Unable to integrate Grafana to Elasticsearch 7.12.0 using JWT

I’m attempting to create an auth token that will Grafana to use my Elasticsearch cluster as a data source. When I create the token and test it from the command line with curl, everything works as expected. However, when I execute the search through Grafana, I get the following response back:

response:Object

error:Object
root_cause:Array[1]
 

type:"security_exception"
 

reason:"no permissions for [indices:data/read/msearch] and User me@example.com (AuthToken grafana-token-009 [0N0MCJKOQVqPzDm5MctTLA]) [backend_roles=[SG_ADMIN, SG_USER]]"
 


status:403

My token was created as follows; based on the way I read it, SGS_SEARCH should contain the indices:data/read/msearch as a subset, but I still get the error.

POST /_searchguard/authtoken
{
  "name": "grafana-token-009",
  "requested": {
    "cluster_permissions": [
      "SGS_CLUSTER_MONITOR"
    ],
    "index_permissions": [
      {
        "index_patterns": [
          "*beat-*"
        ],
        "allowed_actions": [
          "SGS_READ",
          "SGS_SEARCH",
          "indices:data/read/msearch"
        ]
      }
    ]
  },
  "expires_after": "1y"
}

I’m using an EKS deployment of Elasticsearch 7.12.0 from the stock images released by Elastic, with the corresponding version of SG added.

A quick PS

I have a role that can perform all these actions, but I’ve never been able to successfully configure a token to use role-based authentication; I always get the following error:

Cannot create token. The resulting token would have no privileges as the specified roles do not intersect with the user’s roles. Specified: [BASIC_ACCESS] User: [admin] + [ ]

Hello Doug!

In order that I understand correctly: You tested the access token using a query submitted by curl; then, the query was successful. But, when using Grafana, the query fails with the above mentioned error?

We need to collect some further information to better understand the problem. Can you provide the following:

  • The curl command you used
  • Your sg_config configuration; particularly, the state of the do_not_fail_on_forbidden setting would be of interest.
  • The SG_ADMIN and SG_USER role definitions

If indeed curl succeeds and Grafana fails, one of the first things to check would be whether Grafana issues the query really to the same indices as curl or possibly to more indices. If do_not_fail_on_forbidden is false, the search would fail if one index does not match *beat-*.

Regarding this:

So, are you creating a token like this then?

POST /_searchguard/authtoken
{
  "requested": {
    "roles": [
      "BASIC_ACCESS"
    ]
  }
}

If this is so, then you get the error because the logged in user does not normally have the BASIC_ACCESS role. If you use the role attribute, Search Guard just calculates the intersection of the roles the user has (in this case admin) and the requested roles. As BASIC_ACCESS is not part of the present roles of the user, the operation fails.

So I was incorrect on the test - I tested a _search, not _msearch. When I try _msearch from curl, it fails as well.
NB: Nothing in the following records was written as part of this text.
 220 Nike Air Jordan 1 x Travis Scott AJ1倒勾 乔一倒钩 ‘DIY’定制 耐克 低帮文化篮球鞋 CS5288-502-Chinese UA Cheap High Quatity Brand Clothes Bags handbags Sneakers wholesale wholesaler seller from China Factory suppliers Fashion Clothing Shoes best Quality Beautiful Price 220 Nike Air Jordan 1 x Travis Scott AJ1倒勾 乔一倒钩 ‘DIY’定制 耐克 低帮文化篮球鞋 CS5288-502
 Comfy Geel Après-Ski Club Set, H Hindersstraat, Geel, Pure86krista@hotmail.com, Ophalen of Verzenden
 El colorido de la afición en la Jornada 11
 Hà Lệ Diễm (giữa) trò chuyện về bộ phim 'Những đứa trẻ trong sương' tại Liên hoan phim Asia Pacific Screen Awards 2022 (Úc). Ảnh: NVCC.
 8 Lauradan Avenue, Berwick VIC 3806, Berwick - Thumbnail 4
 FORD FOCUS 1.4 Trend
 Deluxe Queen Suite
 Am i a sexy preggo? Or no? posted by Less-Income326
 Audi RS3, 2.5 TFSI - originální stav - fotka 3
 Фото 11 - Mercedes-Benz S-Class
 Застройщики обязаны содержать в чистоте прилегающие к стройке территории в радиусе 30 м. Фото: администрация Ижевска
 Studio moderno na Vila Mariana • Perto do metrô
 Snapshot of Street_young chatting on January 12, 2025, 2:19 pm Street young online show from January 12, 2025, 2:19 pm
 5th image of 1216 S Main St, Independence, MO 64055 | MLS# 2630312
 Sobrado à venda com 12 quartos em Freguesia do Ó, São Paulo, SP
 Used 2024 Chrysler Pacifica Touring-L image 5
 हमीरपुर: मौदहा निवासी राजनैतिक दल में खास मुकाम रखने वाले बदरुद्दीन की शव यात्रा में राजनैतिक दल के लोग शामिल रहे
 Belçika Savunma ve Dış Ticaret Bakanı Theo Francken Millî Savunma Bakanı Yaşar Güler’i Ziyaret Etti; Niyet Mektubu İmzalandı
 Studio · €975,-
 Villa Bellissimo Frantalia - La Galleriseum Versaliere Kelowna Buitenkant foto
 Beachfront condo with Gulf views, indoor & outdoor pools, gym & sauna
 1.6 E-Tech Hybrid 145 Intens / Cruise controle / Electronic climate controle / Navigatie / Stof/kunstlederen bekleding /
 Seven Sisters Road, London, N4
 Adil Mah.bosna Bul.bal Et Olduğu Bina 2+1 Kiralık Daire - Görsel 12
I’m attaching my sg_config.yml, however it is set do_not_fail_on_forbidden: true. As for SG_ADMIN and SG_USER, these are back-end roles assigned from ADFS. SG_ADMIN is mapped to the built-in SGS_ALL_ACCESS role, and SGS_USER is mapped to the BASIC_ACCESS role. I also have the same issue if I’m attempting to create the token with the built-in admin account, although it returns an empty roleset. Would manually assigning the admin account to the requested roles and then creating the token with admin resolve the issue without breaking the admin account?

Yes

I’m creating it with my admin user, which is a member both of the SG_ADMIN backend role and the SG_USER backend role, which is assigned to the BASIC_ACCESS role.

sg_config.yml (4.4 KB)

I was able to get the correct permissions working for the token by updating the token request as follows:

POST /_searchguard/authtoken
{
  "name": "grafana-token-012",
  "requested": {
    "cluster_permissions": [
      "SGS_CLUSTER_MONITOR",
      "SGS_CLUSTER_COMPOSITE_OPS_RO"
    ],
    "index_permissions": [
      {
        "index_patterns": [
          "*beat-*"
        ],
        "allowed_actions": [
          "SGS_READ",
          "SGS_SEARCH"
        ]
      }
    ]
  },
  "expires_after": "1y"
}

Adding the SGS_CLUSTER_COMPOSITE_OPS_RO did it (the SGS_CLUSTER_MONITOR was added earlier by trial-and-error).

It would still be nice to be able to utilize role-based permissions, but I can handle assigning permissions by action groups, if I need to.